Book Synopsis The Soldier and the State by : Samuel P. Huntington
Download or read book The Soldier and the State written by Samuel P. Huntington and published by . This book was released on 1957 with total page 534 pages. Available in PDF, EPUB and Kindle. Book excerpt:
Book Synopsis Changing Patterns of Military Politics by : Samuel P. Huntington
Download or read book Changing Patterns of Military Politics written by Samuel P. Huntington and published by [New York] : Free Press of Glencoe. This book was released on 1962 with total page 280 pages. Available in PDF, EPUB and Kindle. Book excerpt: Theoretical and empirical essays consider the pattern of violence in world politics.
Book Synopsis Role of the Military in Underdeveloped Countries by : John Asher Johnson
Download or read book Role of the Military in Underdeveloped Countries written by John Asher Johnson and published by Princeton University Press. This book was released on 2015-12-08 with total page 435 pages. Available in PDF, EPUB and Kindle. Book excerpt: This volume examines the social and political role of the armed forces in the emergent countries of Latin America, Southeast Asia, Sub-Saharan Africa, and the Middle East. The contributors include such distinguished historians and political scientists as Belmont Brice, James S. Coleman, and Lucian W. Pye. They offer here some searching observations on the political structure of the new states, on the relationship between the needs of internal order and those of external defense, and on the curious fact that military regimes, while they have promoted national development, social change, and free political practices in some countries, have hampered similar growth in others. Originally published in 1962. The Princeton Legacy Library uses the latest print-on-demand technology to again make available previously out-of-print books from the distinguished backlist of Princeton University Press. These editions preserve the original texts of these important books while presenting them in durable paperback and hardcover editions. The goal of the Princeton Legacy Library is to vastly increase access to the rich scholarly heritage found in the thousands of books published by Princeton University Press since its founding in 1905.

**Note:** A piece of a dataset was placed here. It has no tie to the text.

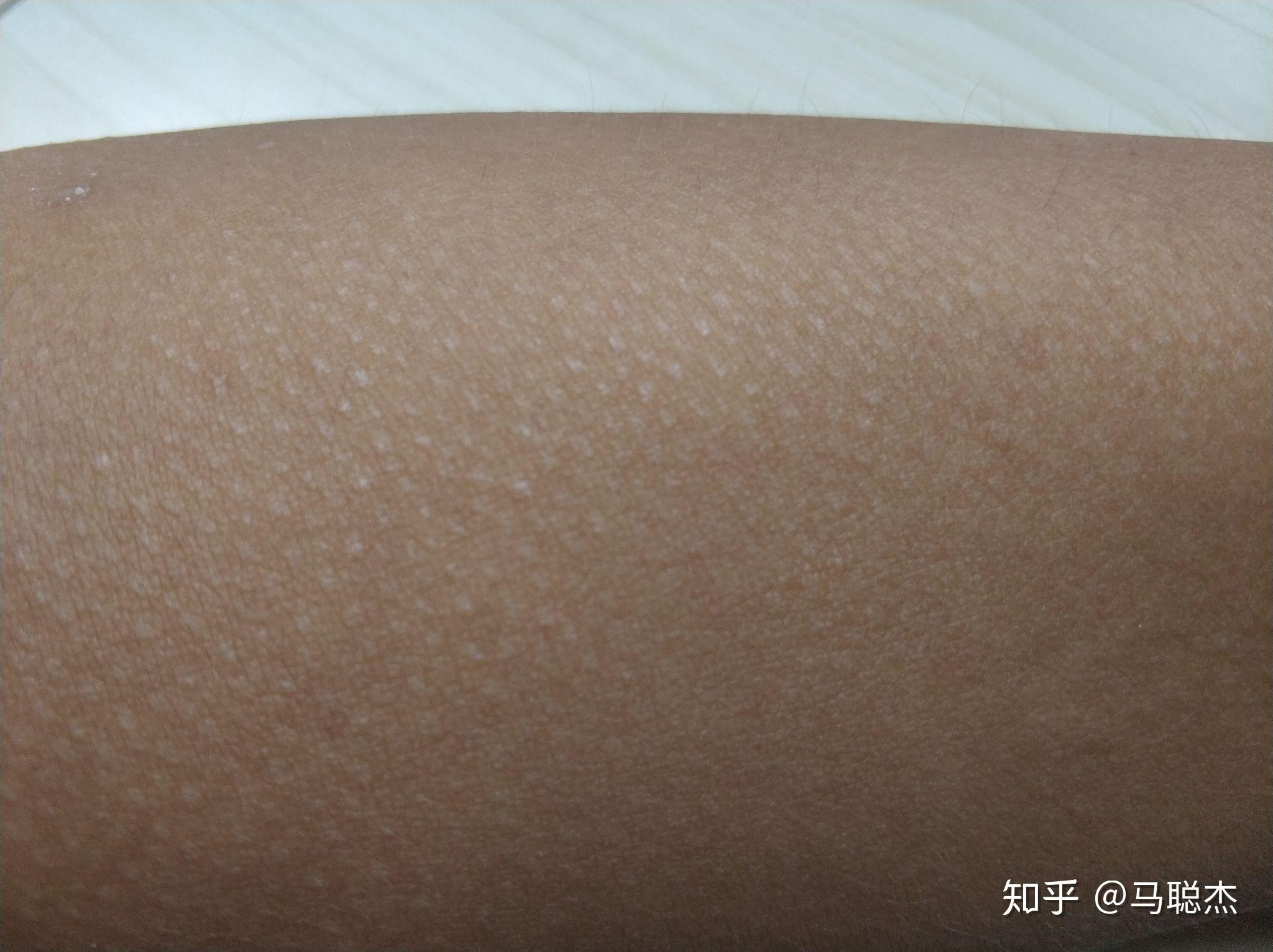 手臂,脖子,还有肚子的皮肤都有好多这样的像鸡皮疙瘩的白点,不痛不痒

Book Synopsis Irregular Armed Forces and their Role in Politics and State Formation by : Diane E. Davis
Download or read book Irregular Armed Forces and their Role in Politics and State Formation written by Diane E. Davis and published by Cambridge University Press. This book was released on 2003-01-13 with total page 431 pages. Available in PDF, EPUB and Kindle. Book excerpt: Existing models of state formation are derived primarily from early Western European experience, and are misleading when applied to nation-states struggling to consolidate their dominion in the present period. In this volume, scholars suggest that the Western European model of armies waging war on behalf of sovereign states does not hold universally. The importance of 'irregular' armed forces - militias, guerrillas, paramilitaries, mercenaries, bandits, vigilantes, police, and so on - has been seriously neglected in the literature on this subject. The case studies in this book suggest, among other things, that the creation of the nation-state as a secure political entity rests as much on 'irregular' as regular armed forces. For most of the 'developing' world, the state's legitimacy has been difficult to achieve, constantly eroding or challenged by irregular armed forces within a country's borders. No account of modern state formation can be considered complete without attending to irregular forces.
Book Synopsis The Soldier and the State by : Samuel P. Huntington
Download or read book The Soldier and the State written by Samuel P. Huntington and published by Harvard University Press. This book was released on 1981-09-15 with total page 560 pages. Available in PDF, EPUB and Kindle. Book excerpt: In this classic work, Huntington challenges old assumptions and ideas on the role of the military in society. Stressing the value of the military outlook for American national policy, Huntington has performed the distinctive task of developing a general theory of civil–military relations and subjecting it to rigorous historical analysis.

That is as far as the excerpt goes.